Data customization possible with IRBANA
Data customization possible with IRBANA
Michigan IRB using software to go paperless
]Editor’s note: In this issue of IRB Advisor is the first installment of a special series on IRB software and how institutions can use it to improve their operations. This month we profile IRBANA software, by DDOTS Inc. of Ypsilanti, MI.]
An IRB data management software system currently being rolled out at institutions across the country gives IRBs the ability to minutely tailor their own systems and to suggest their own additions.
Among the adaptable features of the web-based IRBANA (Institutional Review
Board Activity Negotiation Accountability), developed by DDOTS, Inc. of Ypsilanti, MI, is the ability for an institution to be as paperless — or not — as it wants to be, says DDOTS President Stephen Burke.
"Your [IRB] agenda can be web-cast, documents can be web-cast and shared," he says. "But in a lot of cases, people still want paper at this point.
"You can say, ’We want to be totally paperless by this date,’ but what are you going to do about Dr. Smith, who doesn’t own a computer at home, and in the office, his secretary runs it and prints out all his e-mail for him?
"What we did in the construction of IRBANA is to say you can be as paper-full’ or as paperless’ as you like," Burke says.
Trista Koehler, senior research coordinator for the Michigan Cancer Research Consortium at St. Joseph Mercy Hospital, Ann Arbor says her institution is using IRBANA in its own quest to become paperless. "We’re heading that way," she says. "We would like to, but it’s a lot of work.
A lot of people are afraid to get rid of that hard copy. It’s going to take a lot to convince the members who sit on the IRB to look at a computer screen all the time, versus receiving those big volumes of books."
Using IRBANA, an IRB can maintain a database of studies, including adverse events, revisions, and amendments. It can monitor frequency of reviews and flag studies to go to a specific IRB meeting. The software also can generate IRB agendas and create packages of web-based meeting information, which can be made available to IRB members online in a read-only format.
Documents that can be uploaded by investigators and downloaded for use by the IRB include PDFs of applications, consent documents, and HIPAA forms.
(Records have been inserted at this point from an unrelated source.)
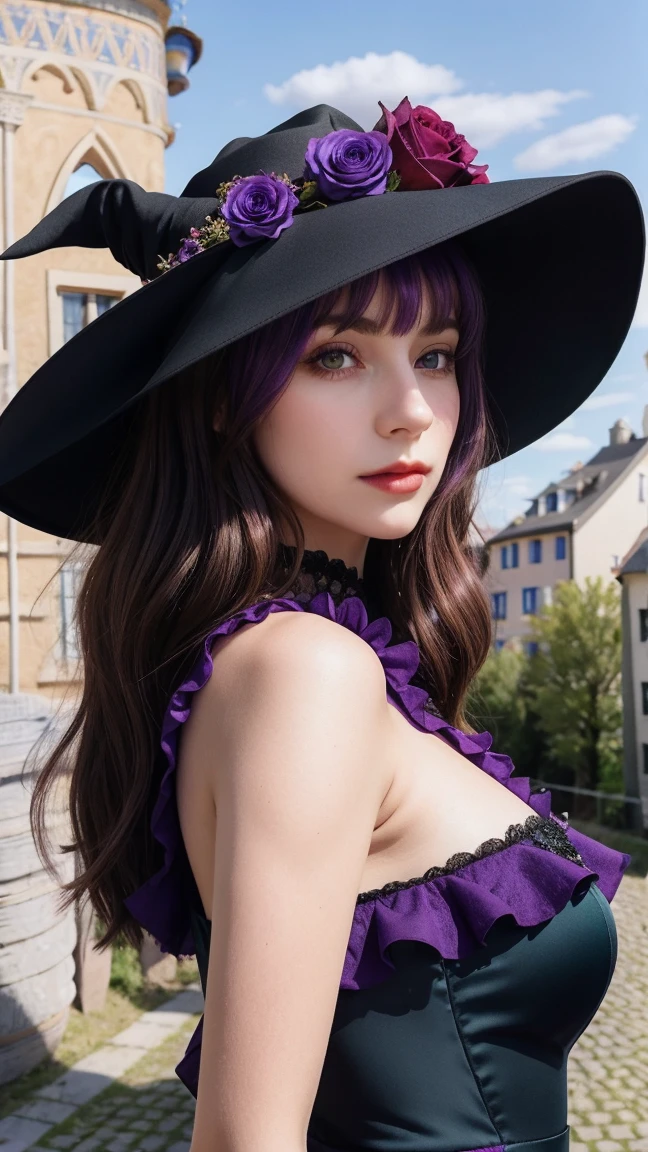 a beautiful girl, perfect face, arms at sides, ultra high res, upper body:1.5, lisa (genshin impact), purple witch hat, green eyes, brown hair, (PureErosFace_V1:0.008), (european:1.6), bangs, dress, rose, jewelry, witch, capelet, purple headwear, black gloves, purple flower, hair between eyes, purple rose, parted lips, purple capelet, hat flower, multicolored dress, hair ornament, windmill, big breasts and slender body, from side, bokeh, first-person view, pov, masterpiece, high quality, 4k, 16k, super detail
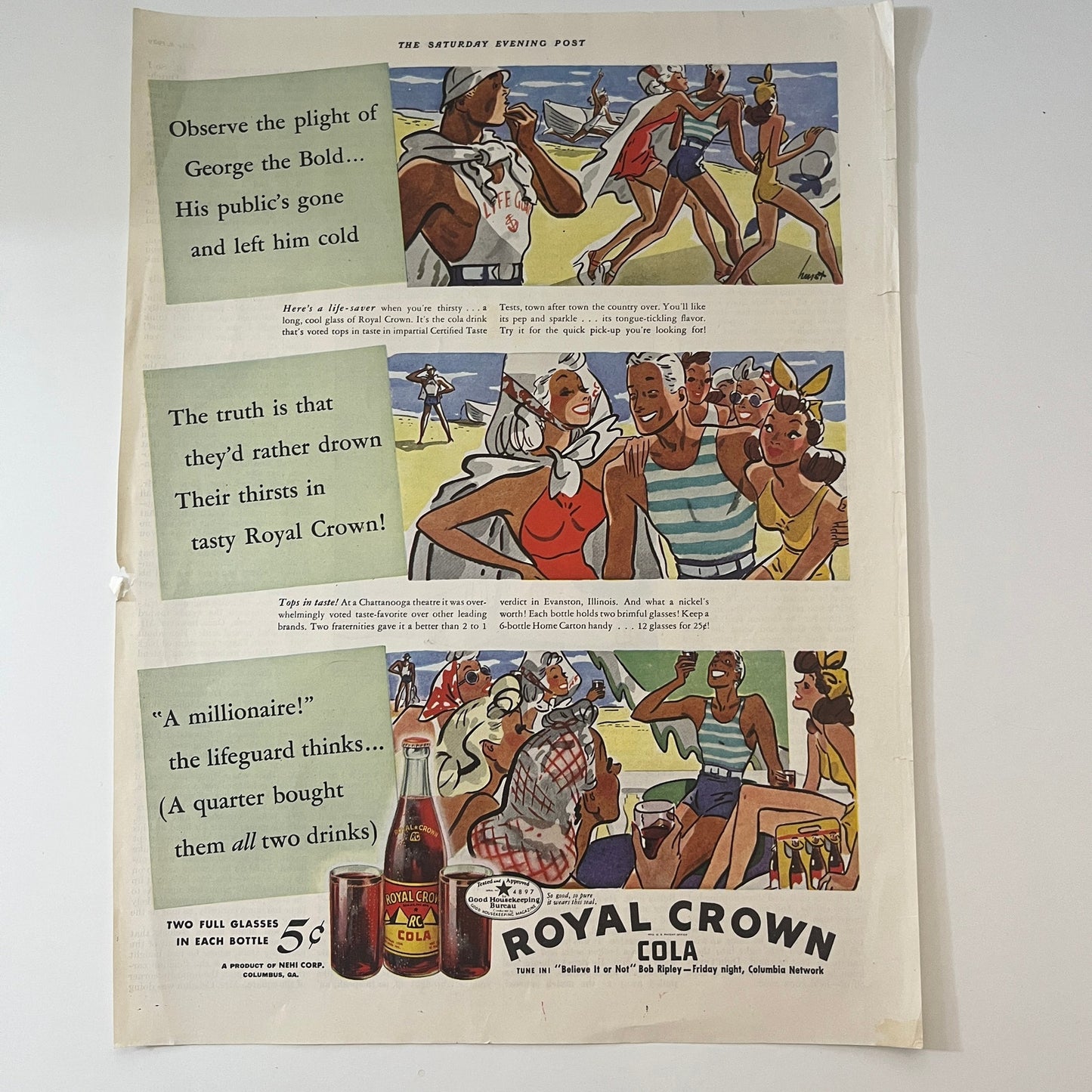 1939 Royal Crown RC Cola Advertisement George The Bold Bob Ripley V1-8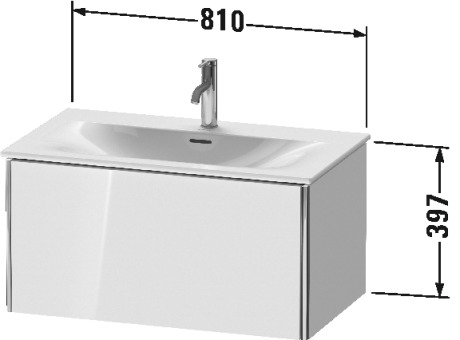 XS422408585 XSquare Тумбочка подвесная Белый глянцевый лак Duravit - Вид №1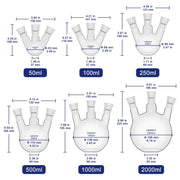 3 neck flat bottom flask set, all sizes from 50 ml to 2000 ml, borosilicate glass with 24/40 joints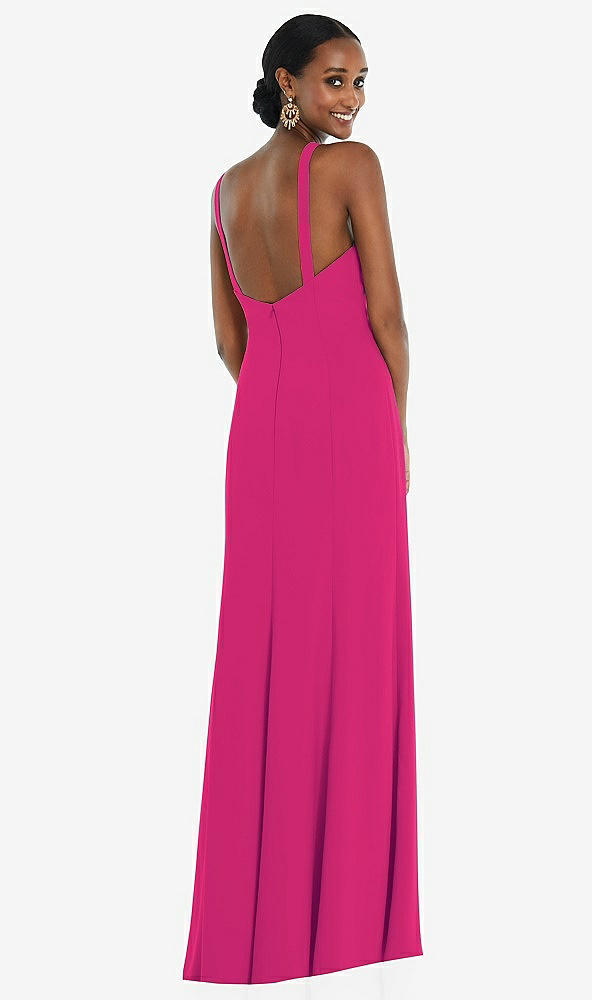 Back View - Think Pink Criss Cross Halter Princess Line Trumpet Gown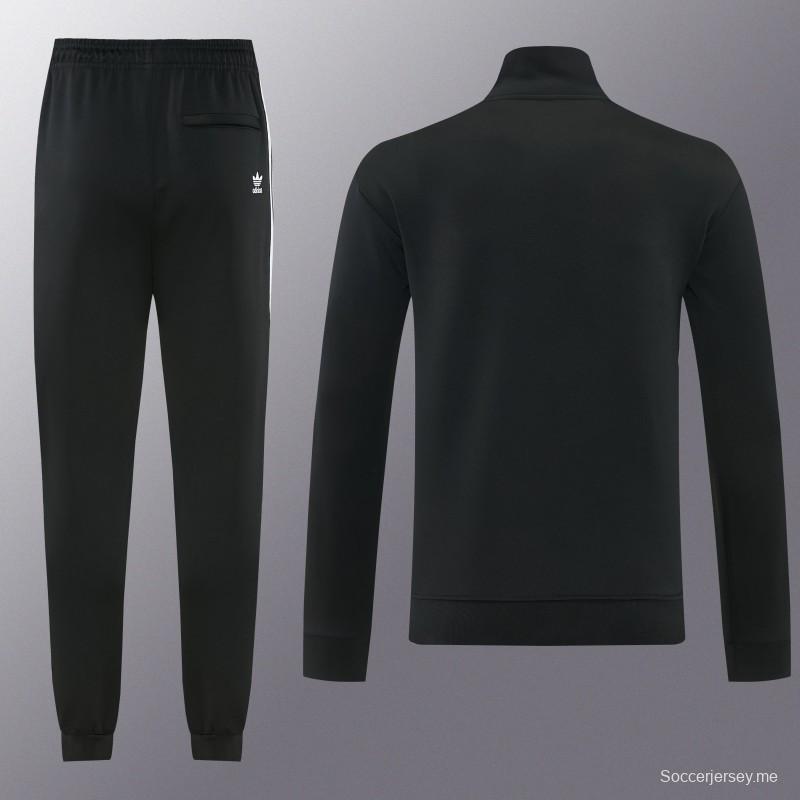 2026 سترة سوداء من أديداس بسحاب كامل + بنطال طويل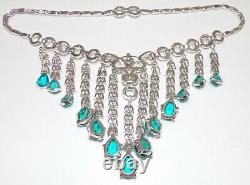 Crown Trifari Pat Pending 1940's Alfred Philippe Aqua Teardrop Diamante Necklace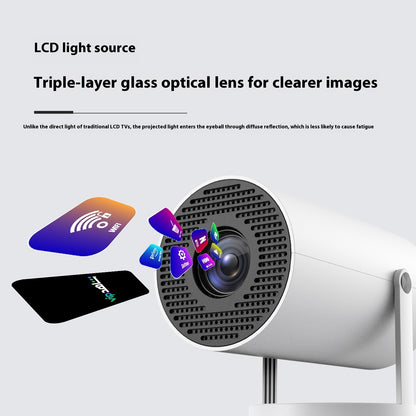 Portable Home Projector – Mini Video Projector with Auto Focus & 180° Projection Angle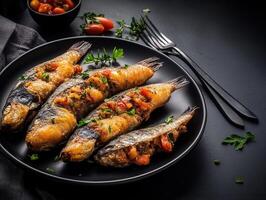 Beautifully plated dish of fish decorated with a fork and accompanied by a bowl of fresh, ripe tomatoes photo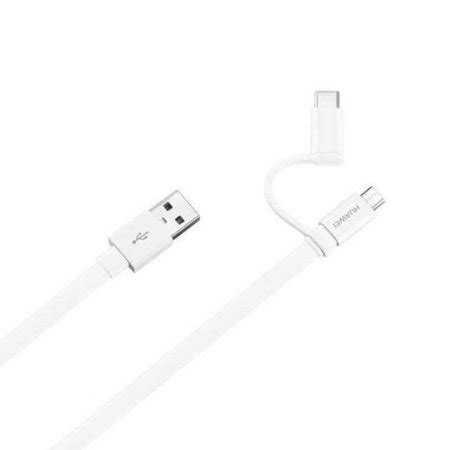 Official Huawei White Usb A To Micro Usb Usb C Charge And Sync M Cable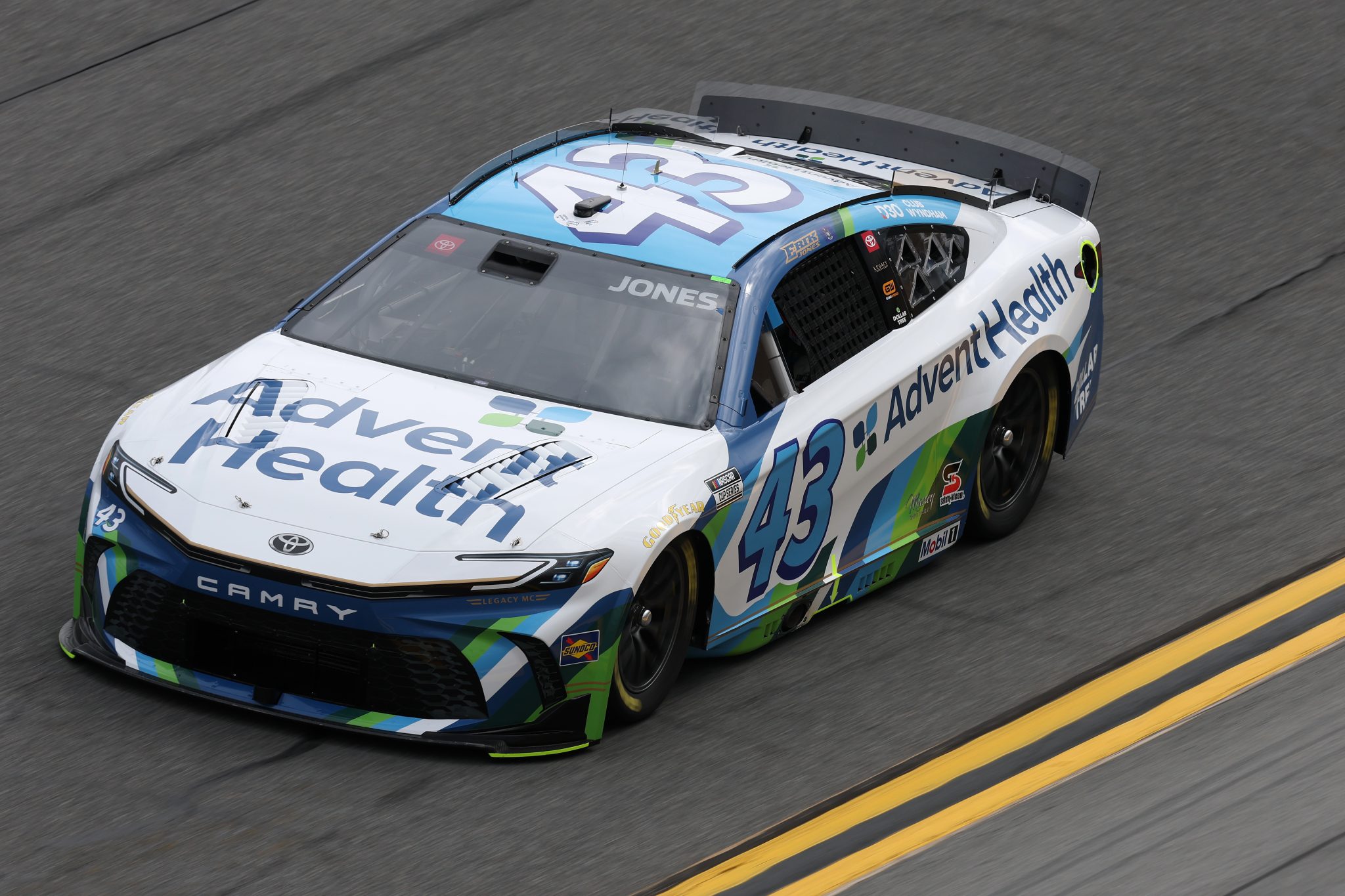DAYTONA BEACH, FLORIDA - FEBRUARY 11: Erik Jones, driver of the #43 AdventHealth Toyota, drives during practice for the NASCAR Cup Series Daytona 500 at Daytona International Speedway on February 11, 2026 in Daytona Beach, Florida. (Photo by Chris Graythen/Getty Images) | Getty Images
At meetings, secretaries can check off agenda items with the board’s action indicated, and IRBANA will automatically generate minutes indicating what transpired. The system also generates follow-up letters for principal investigators whose studies were acted on in the meeting.
Works with clinical trials system
The system dovetails with another DDOTS product, CREDIT (Clinical Research Environmental Data Information Tracking), a clinical trials administration and patient scheduling program. Data can be imported easily from CREDIT to IRBANA, cutting down on the burden of duplicating data input, Burke says.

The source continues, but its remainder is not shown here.